§ Source data
---

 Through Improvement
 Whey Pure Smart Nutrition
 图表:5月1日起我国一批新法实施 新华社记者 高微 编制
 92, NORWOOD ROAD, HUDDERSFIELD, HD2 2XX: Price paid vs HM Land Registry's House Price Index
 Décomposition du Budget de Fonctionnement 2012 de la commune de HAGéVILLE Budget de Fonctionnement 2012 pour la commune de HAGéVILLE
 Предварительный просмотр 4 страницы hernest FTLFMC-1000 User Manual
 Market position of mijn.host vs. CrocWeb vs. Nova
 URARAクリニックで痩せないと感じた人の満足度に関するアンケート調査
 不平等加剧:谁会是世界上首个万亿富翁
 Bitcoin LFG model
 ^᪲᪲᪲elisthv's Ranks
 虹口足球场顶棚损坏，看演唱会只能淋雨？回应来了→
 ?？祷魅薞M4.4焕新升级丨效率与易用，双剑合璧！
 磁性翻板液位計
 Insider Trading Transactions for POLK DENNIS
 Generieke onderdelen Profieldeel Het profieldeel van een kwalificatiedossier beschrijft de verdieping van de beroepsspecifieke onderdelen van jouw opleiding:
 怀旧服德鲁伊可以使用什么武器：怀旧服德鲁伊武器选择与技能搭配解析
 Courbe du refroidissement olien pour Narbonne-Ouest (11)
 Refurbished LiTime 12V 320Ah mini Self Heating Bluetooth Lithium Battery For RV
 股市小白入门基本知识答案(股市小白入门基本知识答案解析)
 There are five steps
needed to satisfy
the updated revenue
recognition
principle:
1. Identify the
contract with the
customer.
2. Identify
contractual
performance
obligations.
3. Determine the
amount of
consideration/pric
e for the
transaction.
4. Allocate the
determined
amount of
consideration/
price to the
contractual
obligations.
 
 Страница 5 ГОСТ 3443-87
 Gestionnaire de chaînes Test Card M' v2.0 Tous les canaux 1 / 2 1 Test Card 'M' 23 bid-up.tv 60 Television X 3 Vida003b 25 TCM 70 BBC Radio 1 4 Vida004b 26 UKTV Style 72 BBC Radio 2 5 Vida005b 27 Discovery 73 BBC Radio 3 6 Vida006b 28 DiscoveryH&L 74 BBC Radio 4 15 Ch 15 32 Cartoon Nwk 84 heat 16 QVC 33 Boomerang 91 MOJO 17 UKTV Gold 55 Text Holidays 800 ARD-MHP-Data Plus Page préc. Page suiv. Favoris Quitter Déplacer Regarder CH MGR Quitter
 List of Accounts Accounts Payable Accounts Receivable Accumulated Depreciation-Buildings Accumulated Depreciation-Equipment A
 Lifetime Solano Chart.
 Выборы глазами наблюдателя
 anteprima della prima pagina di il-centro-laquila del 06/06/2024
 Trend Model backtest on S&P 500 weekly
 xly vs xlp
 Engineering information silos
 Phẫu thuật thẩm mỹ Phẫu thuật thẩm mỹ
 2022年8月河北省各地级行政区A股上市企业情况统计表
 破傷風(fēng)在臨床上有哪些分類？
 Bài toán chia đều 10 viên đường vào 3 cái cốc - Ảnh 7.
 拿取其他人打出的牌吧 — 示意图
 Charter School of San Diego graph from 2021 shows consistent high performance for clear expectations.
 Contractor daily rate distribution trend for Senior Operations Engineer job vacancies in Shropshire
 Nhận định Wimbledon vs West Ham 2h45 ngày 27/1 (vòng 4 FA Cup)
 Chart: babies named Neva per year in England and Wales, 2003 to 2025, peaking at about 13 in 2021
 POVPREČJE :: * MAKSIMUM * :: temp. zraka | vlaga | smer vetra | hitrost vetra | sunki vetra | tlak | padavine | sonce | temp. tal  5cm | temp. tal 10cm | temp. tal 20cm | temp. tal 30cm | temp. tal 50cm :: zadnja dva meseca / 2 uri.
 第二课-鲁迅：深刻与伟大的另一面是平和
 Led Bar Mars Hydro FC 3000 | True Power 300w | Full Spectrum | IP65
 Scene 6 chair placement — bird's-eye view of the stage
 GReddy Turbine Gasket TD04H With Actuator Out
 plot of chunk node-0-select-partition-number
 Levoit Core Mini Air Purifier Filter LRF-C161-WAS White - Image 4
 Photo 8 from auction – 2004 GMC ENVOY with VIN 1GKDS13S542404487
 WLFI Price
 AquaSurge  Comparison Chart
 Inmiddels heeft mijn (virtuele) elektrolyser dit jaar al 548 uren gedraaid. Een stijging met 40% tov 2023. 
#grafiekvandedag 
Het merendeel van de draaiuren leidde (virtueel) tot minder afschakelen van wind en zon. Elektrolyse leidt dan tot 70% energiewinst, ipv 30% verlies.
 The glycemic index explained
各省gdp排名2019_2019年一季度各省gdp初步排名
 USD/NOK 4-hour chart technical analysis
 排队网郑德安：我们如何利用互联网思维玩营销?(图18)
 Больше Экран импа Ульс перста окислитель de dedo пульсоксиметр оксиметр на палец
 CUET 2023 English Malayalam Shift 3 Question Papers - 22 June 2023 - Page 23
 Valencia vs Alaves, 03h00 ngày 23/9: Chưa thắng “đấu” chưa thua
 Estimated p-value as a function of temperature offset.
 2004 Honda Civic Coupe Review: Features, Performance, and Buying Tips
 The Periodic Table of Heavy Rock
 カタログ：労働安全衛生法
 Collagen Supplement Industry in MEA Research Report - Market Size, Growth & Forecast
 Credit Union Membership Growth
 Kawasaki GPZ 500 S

---

§ What is being asked
From the data above, reproduce word for word the lines running from the line with "Whey Pure Smart Nutrition" to the line with "Engineering information silos", ends included.

§ Task response
 Whey Pure Smart Nutrition
 图表:5月1日起我国一批新法实施 新华社记者 高微 编制
 92, NORWOOD ROAD, HUDDERSFIELD, HD2 2XX: Price paid vs HM Land Registry's House Price Index
 Décomposition du Budget de Fonctionnement 2012 de la commune de HAGéVILLE Budget de Fonctionnement 2012 pour la commune de HAGéVILLE
 Предварительный просмотр 4 страницы hernest FTLFMC-1000 User Manual
 Market position of mijn.host vs. CrocWeb vs. Nova
 URARAクリニックで痩せないと感じた人の満足度に関するアンケート調査
 不平等加剧:谁会是世界上首个万亿富翁
 Bitcoin LFG model
 ^᪲᪲᪲elisthv's Ranks
 虹口足球场顶棚损坏，看演唱会只能淋雨？回应来了→
 ?？祷魅薞M4.4焕新升级丨效率与易用，双剑合璧！
 磁性翻板液位計
 Insider Trading Transactions for POLK DENNIS
 Generieke onderdelen Profieldeel Het profieldeel van een kwalificatiedossier beschrijft de verdieping van de beroepsspecifieke onderdelen van jouw opleiding:
 怀旧服德鲁伊可以使用什么武器：怀旧服德鲁伊武器选择与技能搭配解析
 Courbe du refroidissement olien pour Narbonne-Ouest (11)
 Refurbished LiTime 12V 320Ah mini Self Heating Bluetooth Lithium Battery For RV
 股市小白入门基本知识答案(股市小白入门基本知识答案解析)
 There are five steps
needed to satisfy
the updated revenue
recognition
principle:
1. Identify the
contract with the
customer.
2. Identify
contractual
performance
obligations.
3. Determine the
amount of
consideration/pric
e for the
transaction.
4. Allocate the
determined
amount of
consideration/
price to the
contractual
obligations.
 
 Страница 5 ГОСТ 3443-87
 Gestionnaire de chaînes Test Card M' v2.0 Tous les canaux 1 / 2 1 Test Card 'M' 23 bid-up.tv 60 Television X 3 Vida003b 25 TCM 70 BBC Radio 1 4 Vida004b 26 UKTV Style 72 BBC Radio 2 5 Vida005b 27 Discovery 73 BBC Radio 3 6 Vida006b 28 DiscoveryH&L 74 BBC Radio 4 15 Ch 15 32 Cartoon Nwk 84 heat 16 QVC 33 Boomerang 91 MOJO 17 UKTV Gold 55 Text Holidays 800 ARD-MHP-Data Plus Page préc. Page suiv. Favoris Quitter Déplacer Regarder CH MGR Quitter
 List of Accounts Accounts Payable Accounts Receivable Accumulated Depreciation-Buildings Accumulated Depreciation-Equipment A
 Lifetime Solano Chart.
 Выборы глазами наблюдателя
 anteprima della prima pagina di il-centro-laquila del 06/06/2024
 Trend Model backtest on S&P 500 weekly
 xly vs xlp
 Engineering information silos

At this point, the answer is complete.